A Christian legal interest group, the Alliance Defending Freedom is based in Scottsdale, Arizona. ADF says it was created to defend religious liberty from “the American Civil Liberties Union (ACLU) and its allies[, which have] used the courts to drive out public expressions of faith and to radically change America into something the Founding Fathers never intended,” the group states on its website.

In a recent interview with National Review, Josephson expressed worry that political pressure, which led the World Health Organization to remove gender dysphoria from its catalog of mental disorders, could cause the publishers of the DSM, the American Psychiatric Association’s Diagnostic and Statistical Manual of Mental Disorders, to de-list the illness.

“We are very close to that now,” Josephson told National Review.
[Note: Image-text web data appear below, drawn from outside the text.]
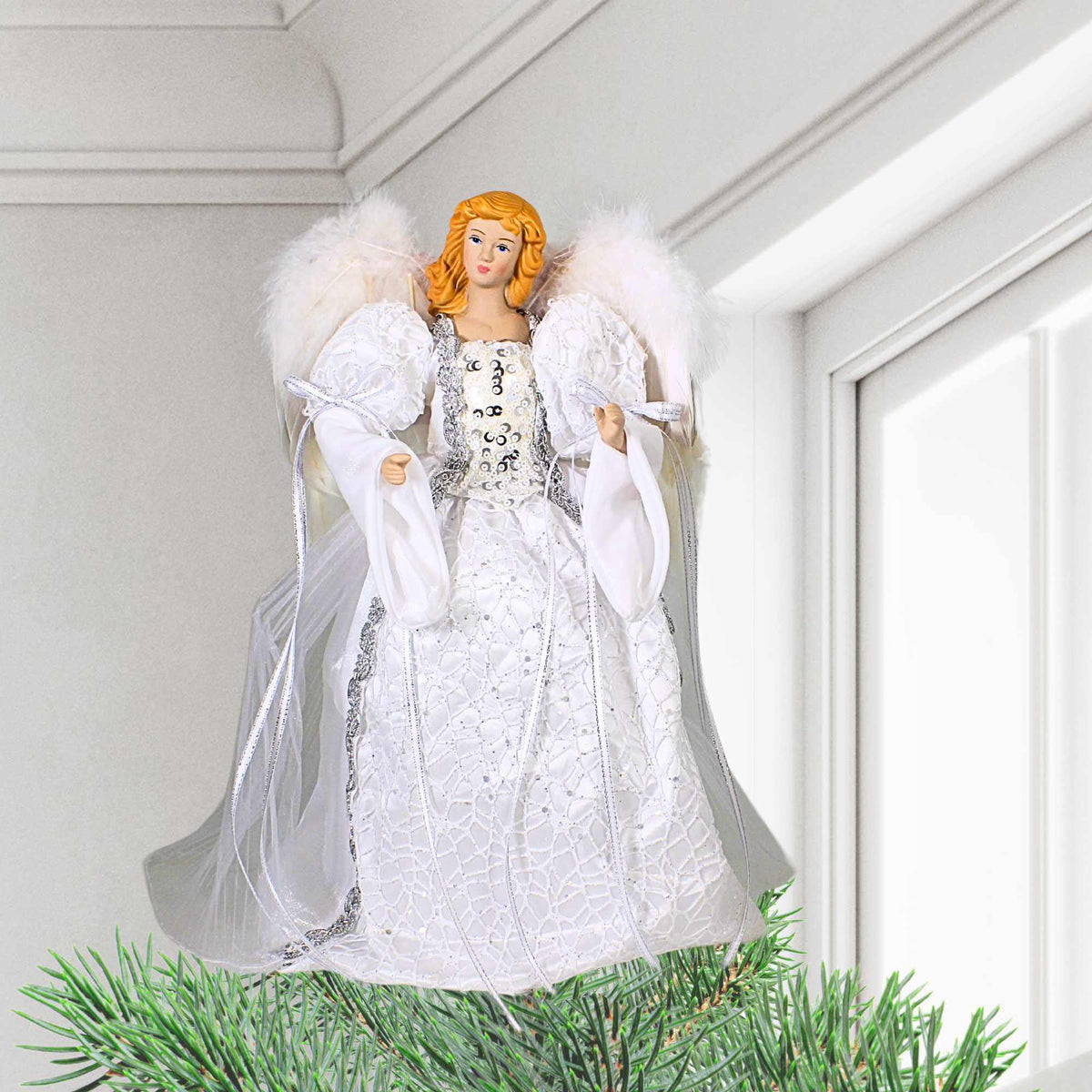 Roman White/ Silver Angel Tree Topper - - SBKGifts.com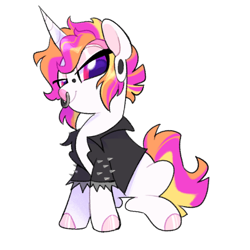 Size: 1280x1280 | Tagged: safe, artist:renhorse, oc, oc only, oc:tough cookie, pony, unicorn, clothes, female, jacket, mare, nose piercing, nose ring, piercing, simple background, solo, transparent background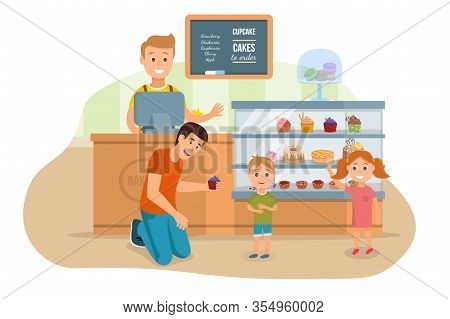 Father And Kids Visiting Bakery Shop Illustration. Dad Offering Son Tasty Cupcake. Daughter Choosing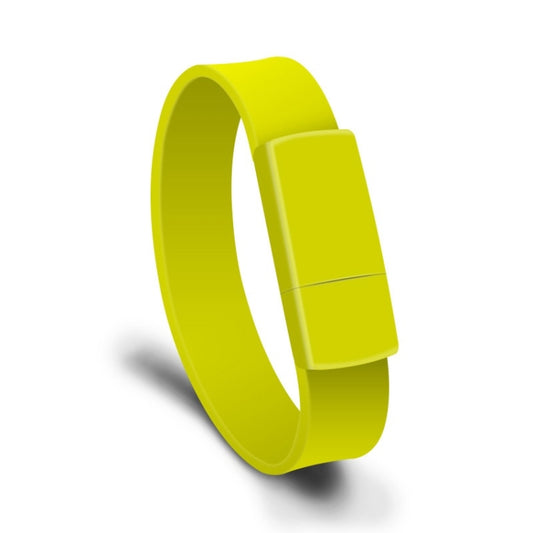 MicroDrive 128GB USB 2.0 Fashion Bracelet Wristband U Disk (Yellow) - USB Flash Drives by MicroDrive | Online Shopping UK | buy2fix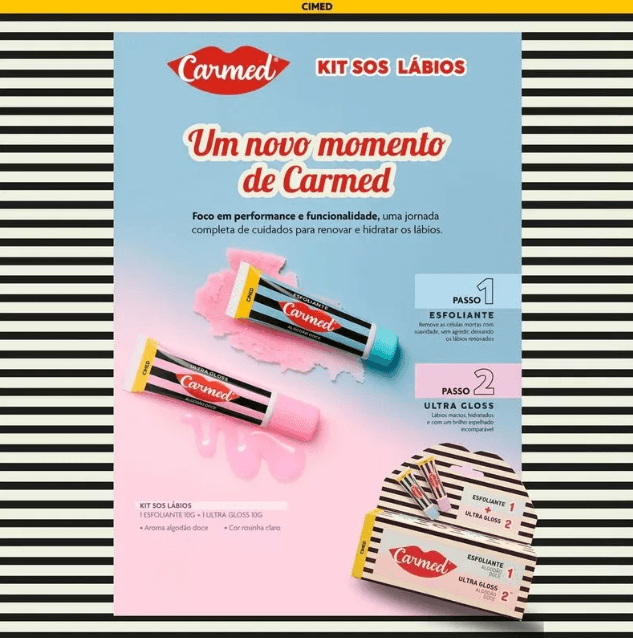 Kit Carmed SOS Hidratante Labial Algodão Doce Esfoliante 10g + Ultra Gloss 10g - Imagem 6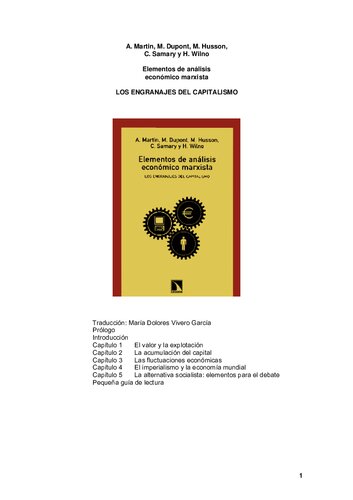 Los engranajes del capitalismo. Elementos de análisis económico marxista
“There are now over 50 gender clinics in the United States. These were unheard of seven or eight years ago. And they’re set up ... almost like ... a restaurant where a person comes in and orders a treatment. Doctors have always said—you give me the symptoms, and I’ll help you with what I think is going on for the diagnosis. But that basic process is being short-circuited by a ‘this is my diagnosis; this is what I have’ approach. And literally they’re asking for hormones. And amazingly, doctors are going along with it in many cases.”

Medical professionals are being attacked by activists seeking political objectives, he said.

“The other side is bullying, intimidating. It’s such a nonacademic approach to things. Academia—the marketplace of ideas, the sharing back and forth, the refining of ideas, testing of ideas—is now being replaced by activist approaches,” Josephson said.

Although many people use the words “sex” and “gender” interchangeably in everyday conversation, gender is a politically and scientifically contentious concept whose definition isn’t universally agreed upon.

“‘Gender’ is a term that is really just an ideological weapon,” conservative activist and scholar Tina Trent, a former candidate for District 26 of the Georgia General Assembly, previously told The Epoch Times.

“Its original meaning was indistinguishable from ‘sex,’” said Trent, a writer and former academic who holds a doctorate in contemporary political and social movements from Emory University.

“The idea that ‘sex’ and ‘gender’ are two different things is a political, not a legal or scientific, idea. … ‘gender’ is used in different ways to serve political purposes. So, it is intentionally nebulous the way it’s used.”

The University of Louisville was contacted for comment.

“The university typically does not comment on pending litigation,” John R. Karman III, the university’s director of media relations said in an emailed statement.